- [EXERCISE GOAL] Pictures aside, copy exactly each line from the one that holds "this 280×194 image." through the last line of the records below.

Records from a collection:
--- START ---

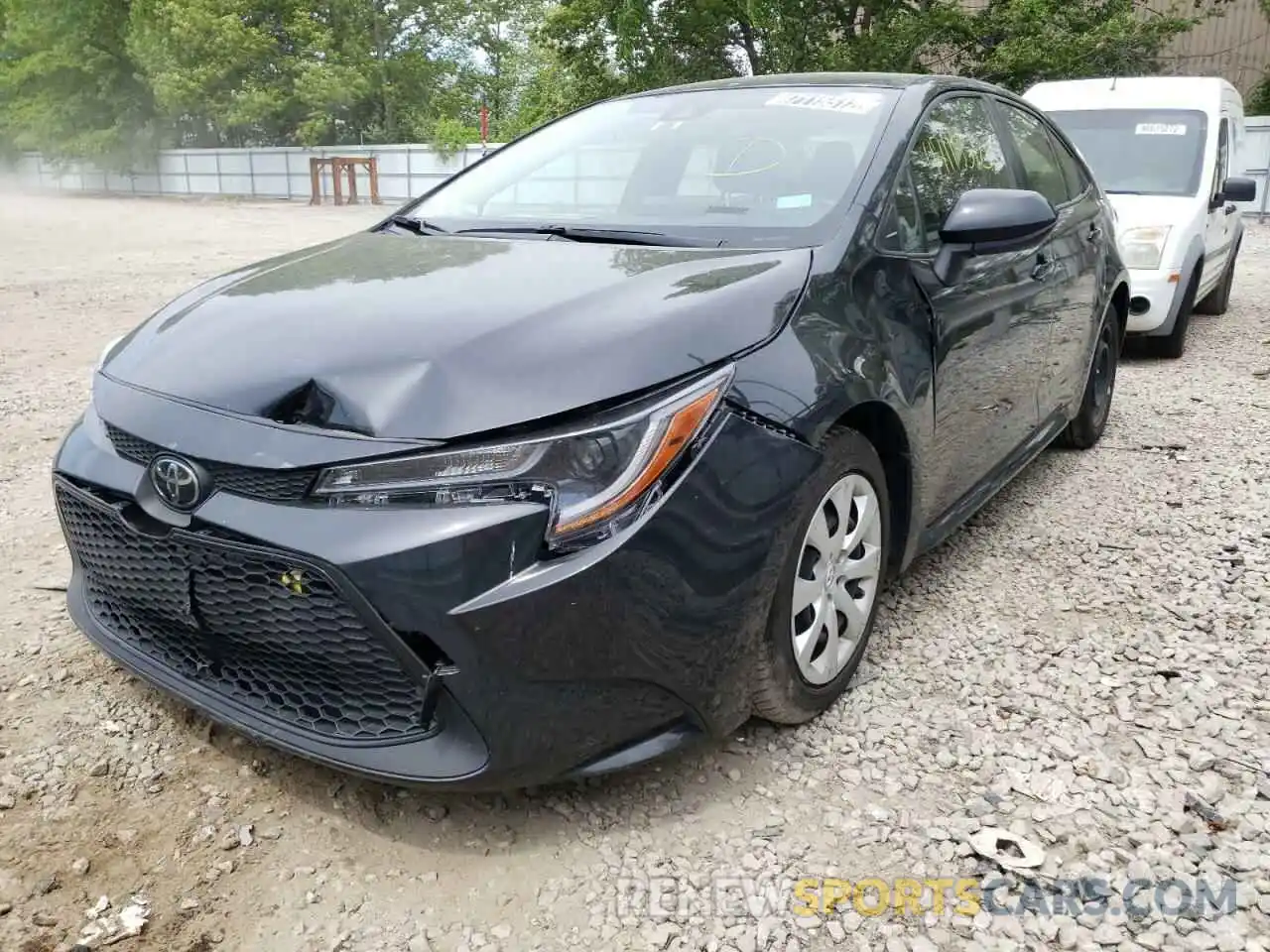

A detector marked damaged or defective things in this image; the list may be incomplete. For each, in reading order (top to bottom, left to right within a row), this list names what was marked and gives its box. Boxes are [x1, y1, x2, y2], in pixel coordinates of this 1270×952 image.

crumpled hood [101, 232, 814, 440]
damaged toyota corolla [50, 72, 1127, 789]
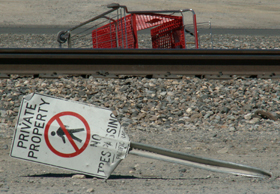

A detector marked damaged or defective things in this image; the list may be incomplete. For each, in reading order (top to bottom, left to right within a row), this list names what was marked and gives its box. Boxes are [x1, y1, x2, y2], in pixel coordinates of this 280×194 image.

rusty rail [0, 48, 280, 78]
bent sign post [9, 93, 130, 178]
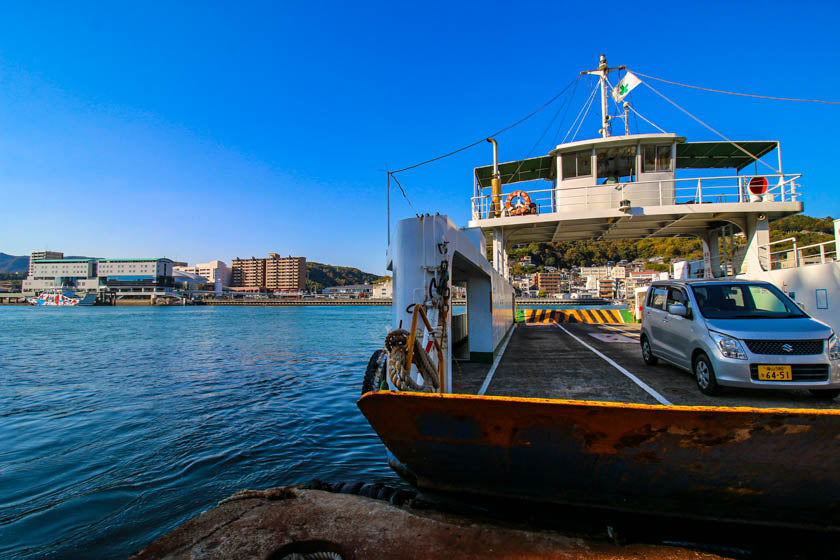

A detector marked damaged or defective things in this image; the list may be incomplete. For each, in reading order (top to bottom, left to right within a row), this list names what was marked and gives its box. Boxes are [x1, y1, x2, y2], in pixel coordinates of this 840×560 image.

orange rusty hull [358, 392, 840, 528]
rust stain on hull [360, 390, 840, 528]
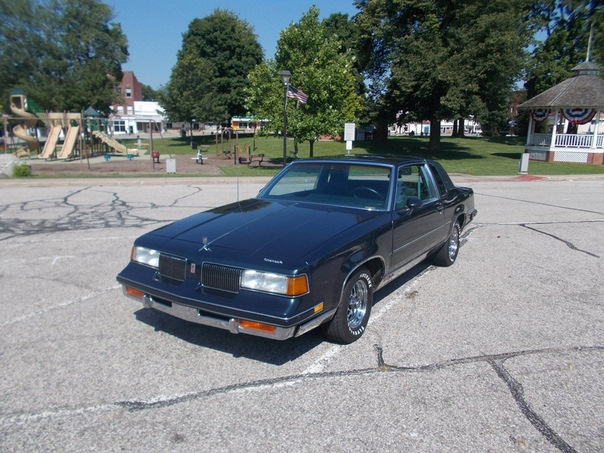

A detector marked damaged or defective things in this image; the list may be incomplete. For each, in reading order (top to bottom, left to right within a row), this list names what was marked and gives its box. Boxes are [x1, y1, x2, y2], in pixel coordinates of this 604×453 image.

--- END ---

- [SOLUTION FOR THIS PROBLEM]
A detector marked damaged or defective things in this image; the list may be incomplete. For each, in reading order (top to bottom, left to right within a row), this list names what was marked and gives its box. Boxes are [x1, y1, x2, y2], in pixel coordinates of this 280×194 image.

rusty rail [0, 48, 280, 78]
bent sign post [9, 93, 130, 178]

A detector marked damaged or defective things in this image; the list may be incomplete. For each, in reading order (top to bottom, left to right within a row), this list names what was marked and gives its box. Boxes are [x1, y1, x2, y2], in pixel coordinates of this 840×560 image.

orange rusty hull [358, 392, 840, 528]
rust stain on hull [360, 390, 840, 528]

A detector marked damaged or defective things in this image; the list may be incomplete. For each, in reading order (top to bottom, left to right within a row), this list names what was marked and gives its box. Boxes are [x1, y1, x2, y2], in pixel coordinates of this 604×453 image.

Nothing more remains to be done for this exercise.